#### [Excerpted records]
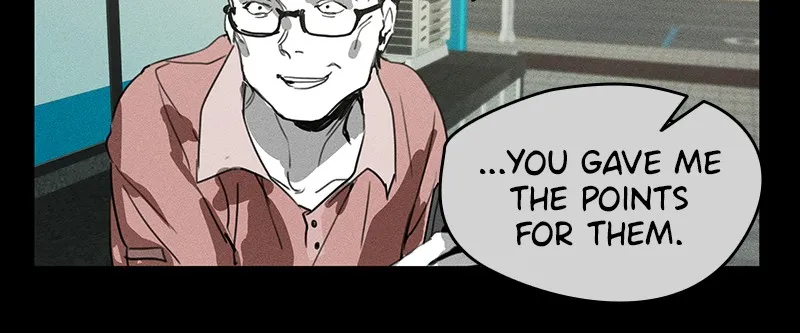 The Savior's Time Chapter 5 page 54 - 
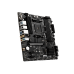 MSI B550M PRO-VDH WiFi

==

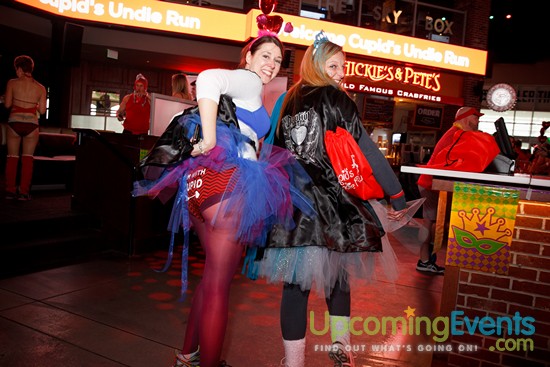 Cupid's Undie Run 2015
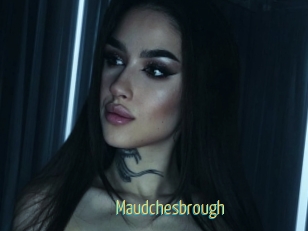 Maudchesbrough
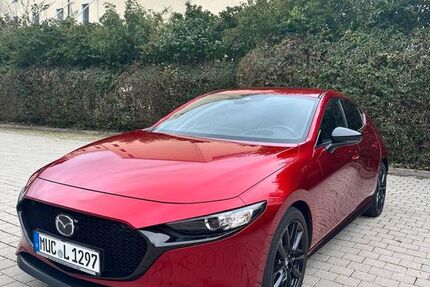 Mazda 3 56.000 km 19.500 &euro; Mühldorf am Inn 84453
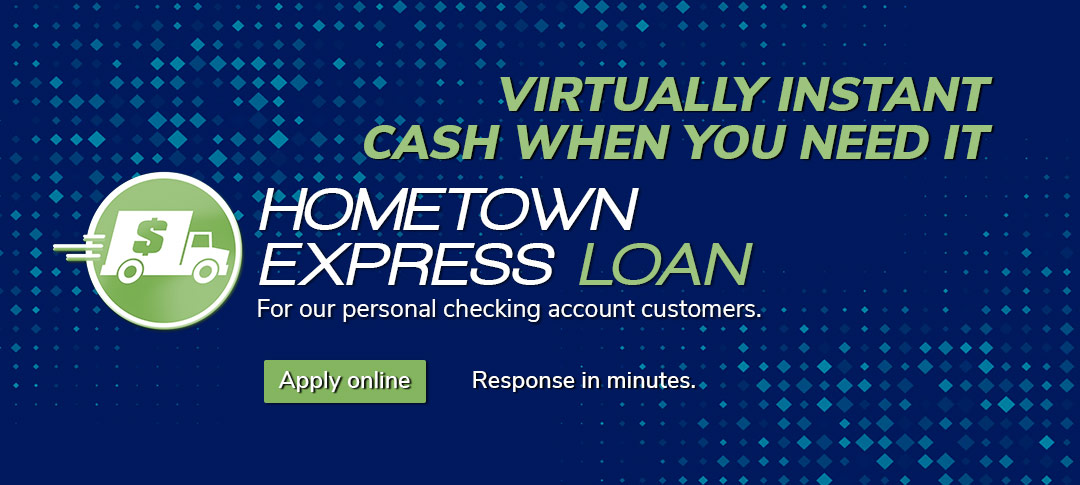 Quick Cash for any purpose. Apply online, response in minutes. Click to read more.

---

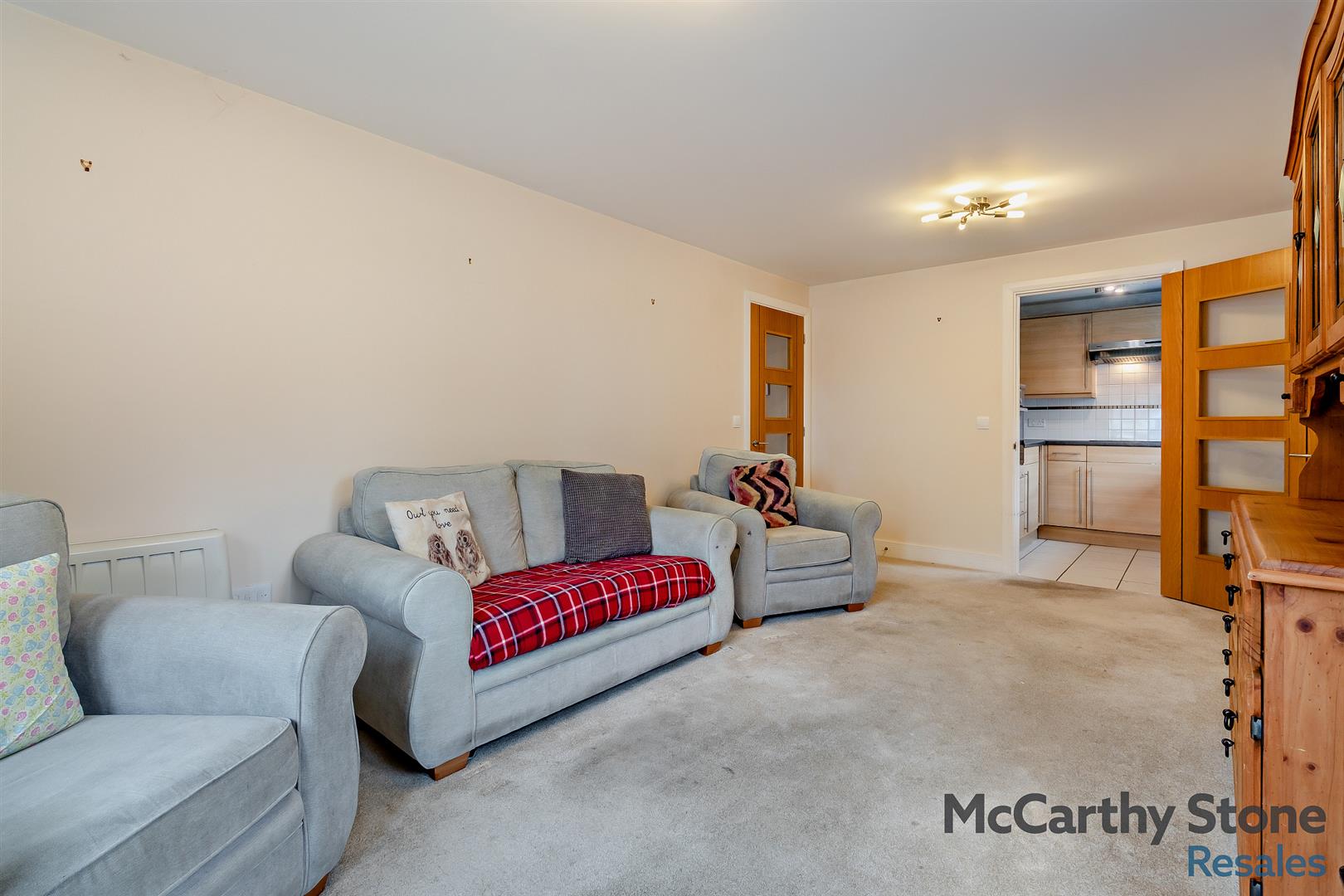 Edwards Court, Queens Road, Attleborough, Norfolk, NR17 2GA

#### [Your task]
Range to print from the listing above: from the line with "Maudchesbrough" up to and including the line with "Quick Cash for". Please print those lines exactly, with no pictures and nothing more.

#### [Exercise result]
 Maudchesbrough
 Mazda 3 56.000 km 19.500 &euro; Mühldorf am Inn 84453
 Quick Cash for any purpose. Apply online, response in minutes. Click to read more.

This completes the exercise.